I want to thank you for joining us on the call this morning, and now we will be happy to take your questions.
Operator
[OPERATOR INSTRUCTIONS] Your first question comes from Matthew Clark with KBW.
Matthew Clark - Analyst
Good morning.
Bill Small - Chairman, CEO, Pres
Good morning, Matthew.
Matthew Clark - Analyst
A couple quick questions.
Your guidance for the fourth quarter of 47 to 52 seems a little wide, and given your core number, I think, this quarter was closer to 49 or 50, at least based on my estimates.
I'm just wondering, what kind of -- what's in your down-side scenario?
That could get you to $0.47.
Is it just the margin?
Bill Small - Chairman, CEO, Pres
It's just the margin.
Matthew Clark - Analyst
Okay.
Can you talk--
Bill Small - Chairman, CEO, Pres
I'm sorry.
We have seen fairly significant pressure on our deposit pricing.
Especially in the last month to six weeks, and I'm being conservative and anticipating what it might be for the rest of the year.
Matthew Clark - Analyst
Okay.
Maybe this is somewhat related.
But given what appears to be 95% of the increase in non-performing loans appears to be tied to your two latest acquisitions, can you comment, I guess, about how that impacts your expectations for a loan growth, I guess, going into the fourth quarter of next year?
And then maybe just talk about the credit environment in general.
What you're seeing.
Bill Small - Chairman, CEO, Pres
Well, I think, we still believe there's great potential for another strong year of loan growth coming up.
There is nothing in there that really dampens us from that standpoint.
I don't think the high level of classified loans are currently on our books from those markets are indicative of those markets in general.
We still feel that there's great potential for some very good business relationships to be developed throughout the new market areas.
As far as the whole credit scene throughout this market area, it's, I guess, we're guardedly optimistic for the most part.
Things seem to be turning along fairly good right now.
Obviously, we have the same concerns, I think everybody does, about the economy in general.
Especially looking at some of the energy costs out there.
I know there were some -- I have not has a chance to look at the -- some of the data that came out this morning, but I understand there certainly were some major jumps in some areas that may put even more of a pressure on the Fed to battle perceived inflation.
So I think we'll continue to see the Fed react in that way, which you know, I think, that we've seen -- I think, we've seen some positive trends in loan pricing in this market area that we are, again, hoping we're going to see those continue.
We've talked a couple of times here this morning about the funding side.

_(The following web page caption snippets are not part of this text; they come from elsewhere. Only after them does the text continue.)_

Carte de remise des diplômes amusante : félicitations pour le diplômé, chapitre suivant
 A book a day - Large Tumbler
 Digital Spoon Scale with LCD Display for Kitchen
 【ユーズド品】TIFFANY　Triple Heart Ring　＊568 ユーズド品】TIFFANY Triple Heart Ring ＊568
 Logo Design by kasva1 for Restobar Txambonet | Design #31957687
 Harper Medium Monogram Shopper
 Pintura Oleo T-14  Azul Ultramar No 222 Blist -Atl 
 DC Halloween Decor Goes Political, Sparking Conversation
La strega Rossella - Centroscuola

What's happening there as far as pricing.
We can hopefully offset some of that if everybody continues with their more sensible pricing decisions on the loan side.
Matthew Clark - Analyst
Okay.
And then finally just on the other non-interest income, it looks like up a little bit from the second quarter.
I'm just curious if there's, you know, what moving parts were there?
Bill Small - Chairman, CEO, Pres
I think, we're seeing certainly from a couple of our areas, for instance, the commissions in the insurance and our insurance and investment area, we're stronger this quarter.
Trust fees, we're starting to pick up some nice trust accounts that have helped us out, in addition, to just our overall service fees.
Hopefully we're getting much better at making sure that not only that we're priced right on the fee side, but that we're getting those fees to hit the bottom line.
I should add though that the fourth quarter from a mortgage banking standpoint, the fourth quarter historically is a little slower.
So I would anticipate our mortgage banking income probably will be down.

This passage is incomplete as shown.